Today we see that even if done for effect, a little bit of stylized voice goes a long way.
What I gleaned about the story: G.E. is a rebellious teen, stationed in a militarized Supercenter in some kind of post-apocalyptic teen hell.
Find this book on Amazon.
Note: The writing style is oddly fragmented and disjoint. Sentences seem to break. In unexpected places. Thoughts are juxtaposed with little seeming connection. But it’s too early to say whether this is by accident or by design.
Analysis: At the bottom of the first page, the POV shifts from the protagonist to that of his supervisor, who then begins talking about the protag. But this happens with no scene change leaving us to wonder if the protag was now talking about himself in the 3rd person. Very jarring. An omniscient POV can work, but the author has to clearly signal the transitions so that readers are not left wondering how Character A suddenly seems to know what Character B is thinking.

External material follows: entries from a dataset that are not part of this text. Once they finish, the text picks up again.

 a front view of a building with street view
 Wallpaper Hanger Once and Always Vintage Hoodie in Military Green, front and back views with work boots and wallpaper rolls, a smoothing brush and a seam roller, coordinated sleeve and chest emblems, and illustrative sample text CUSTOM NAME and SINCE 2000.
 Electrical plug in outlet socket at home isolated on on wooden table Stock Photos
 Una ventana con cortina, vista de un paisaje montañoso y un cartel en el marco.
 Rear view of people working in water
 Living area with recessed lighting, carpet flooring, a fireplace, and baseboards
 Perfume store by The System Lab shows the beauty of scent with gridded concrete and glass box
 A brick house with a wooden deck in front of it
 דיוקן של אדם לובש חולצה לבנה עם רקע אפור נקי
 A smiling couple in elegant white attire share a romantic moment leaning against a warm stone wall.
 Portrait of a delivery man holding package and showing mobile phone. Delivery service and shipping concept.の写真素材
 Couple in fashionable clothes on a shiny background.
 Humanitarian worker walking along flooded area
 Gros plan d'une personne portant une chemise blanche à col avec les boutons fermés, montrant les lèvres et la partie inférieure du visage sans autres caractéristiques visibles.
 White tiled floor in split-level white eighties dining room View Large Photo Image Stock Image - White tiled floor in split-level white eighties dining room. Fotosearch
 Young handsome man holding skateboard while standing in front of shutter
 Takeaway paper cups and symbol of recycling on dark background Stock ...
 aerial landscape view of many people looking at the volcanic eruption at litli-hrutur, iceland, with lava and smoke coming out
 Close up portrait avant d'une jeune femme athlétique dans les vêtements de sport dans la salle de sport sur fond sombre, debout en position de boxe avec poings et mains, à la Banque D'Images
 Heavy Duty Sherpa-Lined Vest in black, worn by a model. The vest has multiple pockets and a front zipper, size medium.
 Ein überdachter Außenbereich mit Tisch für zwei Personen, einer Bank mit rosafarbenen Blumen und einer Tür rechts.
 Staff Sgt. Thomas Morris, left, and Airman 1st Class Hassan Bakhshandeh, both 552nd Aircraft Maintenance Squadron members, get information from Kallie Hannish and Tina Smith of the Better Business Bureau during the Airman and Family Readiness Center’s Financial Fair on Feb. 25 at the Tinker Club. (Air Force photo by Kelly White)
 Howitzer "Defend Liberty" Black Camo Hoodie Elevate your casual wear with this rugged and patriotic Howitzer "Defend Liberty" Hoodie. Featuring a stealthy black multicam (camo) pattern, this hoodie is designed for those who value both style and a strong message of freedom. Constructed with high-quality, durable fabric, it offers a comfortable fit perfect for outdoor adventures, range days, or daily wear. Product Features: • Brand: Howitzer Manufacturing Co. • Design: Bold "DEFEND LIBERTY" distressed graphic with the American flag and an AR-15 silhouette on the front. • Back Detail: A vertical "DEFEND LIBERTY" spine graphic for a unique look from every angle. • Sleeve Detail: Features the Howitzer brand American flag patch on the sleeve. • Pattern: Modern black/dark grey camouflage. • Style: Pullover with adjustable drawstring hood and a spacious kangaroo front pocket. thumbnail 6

Analysis: With the chaotic writing style, smaller problems have larger impact, so a missing word at the end of page 1 was too much for me to wrangle and I fell out again. It infuriated his teacher to no end that G.E. did this because knew he could get away with it.
Analysis: The odd phrasing and breaks mentioned earlier have now reached the point where I had to back up and re-read three sentences in succession, and even if the odd style is intentional, this is too extreme for me to stay immersed.